* **TASK STATEMENT**:
Below this line is a listing that includes pictures. Copy exactly, and only, the lines from the one containing "Vaso De Vino" through the one containing "sourcing map 1600Pcs"; the pictures do not go in the copy.

* **INPUT MATERIAL**:
·····
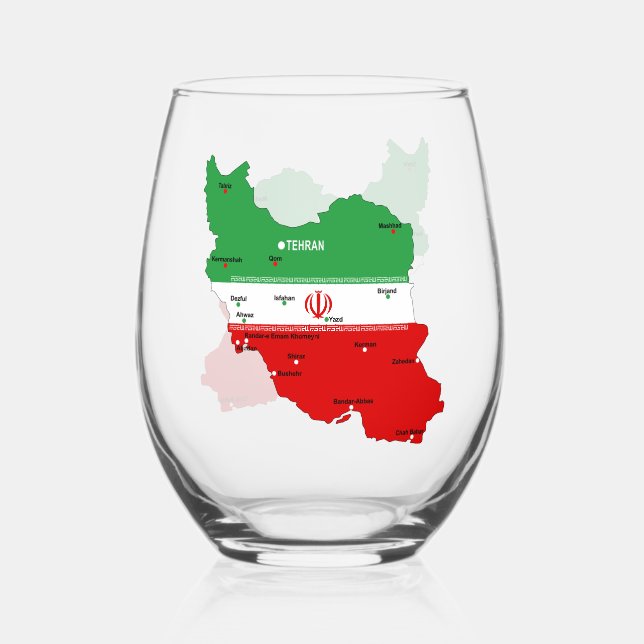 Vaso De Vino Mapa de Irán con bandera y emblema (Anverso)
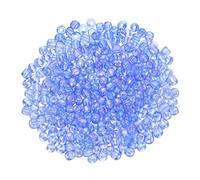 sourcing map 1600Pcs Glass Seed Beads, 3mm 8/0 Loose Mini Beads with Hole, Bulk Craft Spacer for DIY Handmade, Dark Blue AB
·····
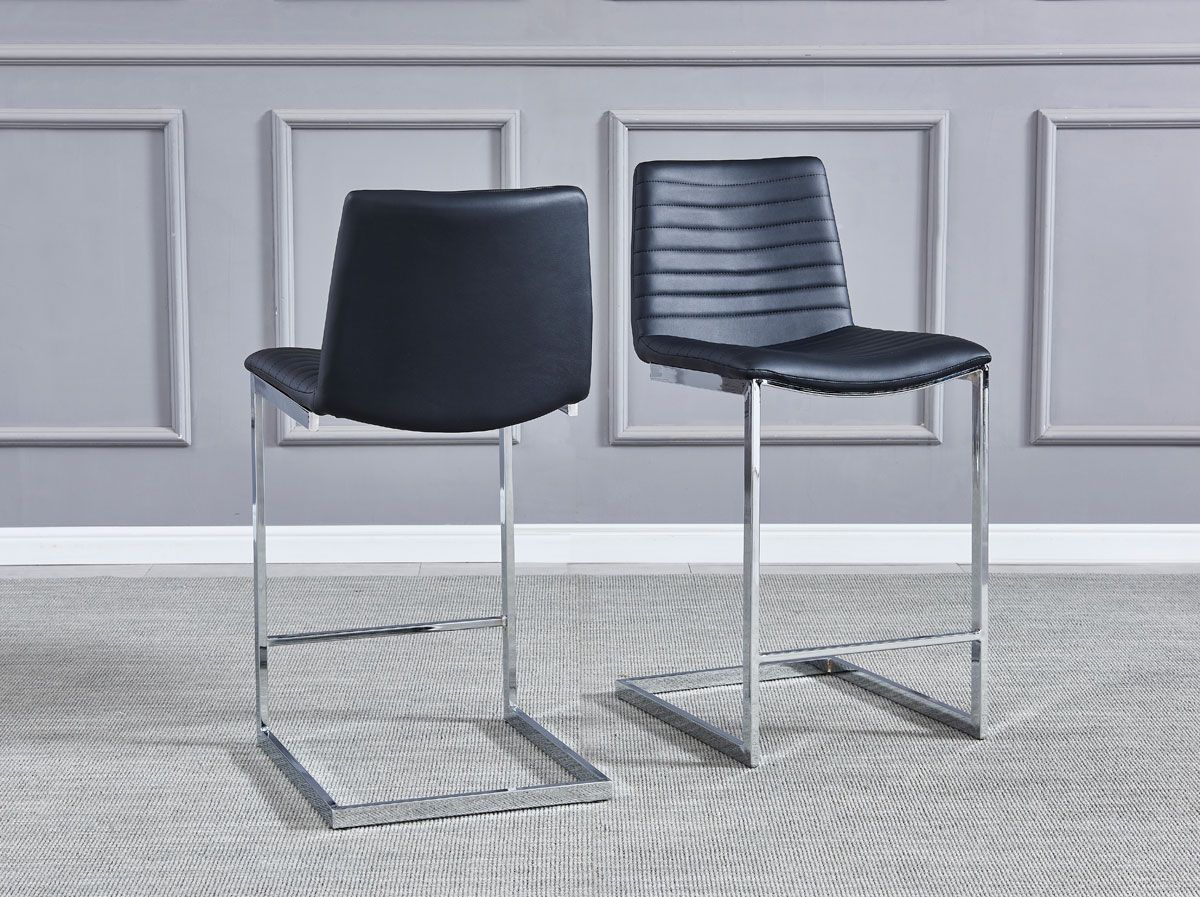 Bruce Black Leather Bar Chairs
·····
* **TASK OUTPUT**:
 Vaso De Vino Mapa de Irán con bandera y emblema (Anverso)
 sourcing map 1600Pcs Glass Seed Beads, 3mm 8/0 Loose Mini Beads with Hole, Bulk Craft Spacer for DIY Handmade, Dark Blue AB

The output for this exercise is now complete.